Roma, 22 maggio 2018 – Purtroppo non si è riusciti ad individuare gli
esecutori dell’attentato ai danni dell’ex Presidente del Parco dei
Nebrodi Giuseppe Antoci, ma una cosa certa è venuta fuori dal lavoro
di Magistrati e Forze dell’Ordine, nonché dalle perizie effettuate a
Roma: Antoci doveva morire, colpendo prima l’auto e poi, attraverso le
moltov ritrovate, incendiarla e obbligare lui e gli uomini della
scorta a scendere per essere poi giustiziati.
“Altro che atto intimidatorio come alcuni avevano ventilato, guidando
la macchina del fango, – dichiara Antoci – viene fuori invece
l’agghiacciante volontà del commando di uccidere me e gli uomini della
scorta attraverso un attentato efferato e crudele”.
Pur trattandosi di una richiesta di archiviazione, che non chiude il
caso ma che lo mette al riparo da problemi tecnico-giuridici, è venuta
fuori, inequivocabilmente, la dinamica dei fatti.
“Aspetto di leggere meglio le motivazioni della richiesta di
archiviazione – continua Antoci - cercando di dare anche io il mio
contributo, ma nel frattempo nessuno si illuda tra i mafiosi e i
collusi che il pericolo è passato, l’’impegno va avanti con
convinzione e con quanti hanno gustato la libertà e la necessità di
portare avanti nei Nebrodi, in Sicilia e nel Paese sani e puliti
percorsi di legalità. Ormai il Protocollo è legge, se ne facciano una
ragione, ormai i mafiosi non potranno più accaparrarsi i Fondi Europei
per l’Agricoltura a discapito dei poveri e onesti agricoltori”.
Chiare le modalità dell’attentato e altrettanto chiara la paura degli
intercettati di parlarne addirittura evidenziando una maniacale
attenzione a bonificare le auto in cui viaggiavano dalla presenze
delle microspie.
“Forse un giorno uscirà il solito pentito – continua Antoci - che
porterà ad assicurare alla giustizia i mafiosi che quella notte ci
hanno attaccato.
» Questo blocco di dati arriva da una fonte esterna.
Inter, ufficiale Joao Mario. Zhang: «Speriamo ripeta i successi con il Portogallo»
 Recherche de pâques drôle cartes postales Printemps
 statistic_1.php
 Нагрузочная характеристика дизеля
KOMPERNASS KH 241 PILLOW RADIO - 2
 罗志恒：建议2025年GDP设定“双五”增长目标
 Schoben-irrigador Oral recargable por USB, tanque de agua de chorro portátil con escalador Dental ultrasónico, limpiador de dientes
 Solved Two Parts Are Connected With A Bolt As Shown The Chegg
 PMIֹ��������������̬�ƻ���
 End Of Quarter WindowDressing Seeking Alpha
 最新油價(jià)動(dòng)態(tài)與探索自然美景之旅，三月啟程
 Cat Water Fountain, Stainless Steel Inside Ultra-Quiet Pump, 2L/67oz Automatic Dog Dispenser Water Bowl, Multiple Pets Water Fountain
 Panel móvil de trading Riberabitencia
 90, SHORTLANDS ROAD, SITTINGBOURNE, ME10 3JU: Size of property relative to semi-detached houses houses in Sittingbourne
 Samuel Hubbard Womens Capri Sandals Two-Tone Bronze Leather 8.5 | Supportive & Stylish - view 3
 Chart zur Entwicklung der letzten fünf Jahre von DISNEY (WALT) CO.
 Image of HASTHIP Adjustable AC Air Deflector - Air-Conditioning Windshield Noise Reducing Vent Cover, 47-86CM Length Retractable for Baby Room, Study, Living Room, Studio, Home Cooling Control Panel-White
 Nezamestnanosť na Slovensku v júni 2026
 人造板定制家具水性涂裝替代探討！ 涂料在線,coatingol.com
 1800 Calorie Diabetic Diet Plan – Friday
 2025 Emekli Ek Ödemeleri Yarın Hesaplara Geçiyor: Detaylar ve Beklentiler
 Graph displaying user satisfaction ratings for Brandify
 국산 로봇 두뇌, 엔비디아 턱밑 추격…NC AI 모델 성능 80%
Del resto la storia della Sicilia ci ha insegnato che
è solo grazie a loro e allo sforzo degli investigatori che, alla fine,
si sono risolti indagini sugli più efferati agguati mafiosi che hanno
insanguinato la Sicilia”.
“Oggi la Magistratura e le Forze dell’Ordine – conclude Antoci -
mettono un punto fermo, pur non riuscendo a risalire alla difficile
individuazione degli attentatori, chiariscono in maniera netta una
cosa: Antoci andava ucciso, andava eliminato ed in un modo terribile e
feroce. Coloro che in questi due anni hanno tentato di depistare, di
infangare, di frenare tutto il percorso avviato hanno ormai una sola
cosa da fare: Vergognarsi – conclude Antoci.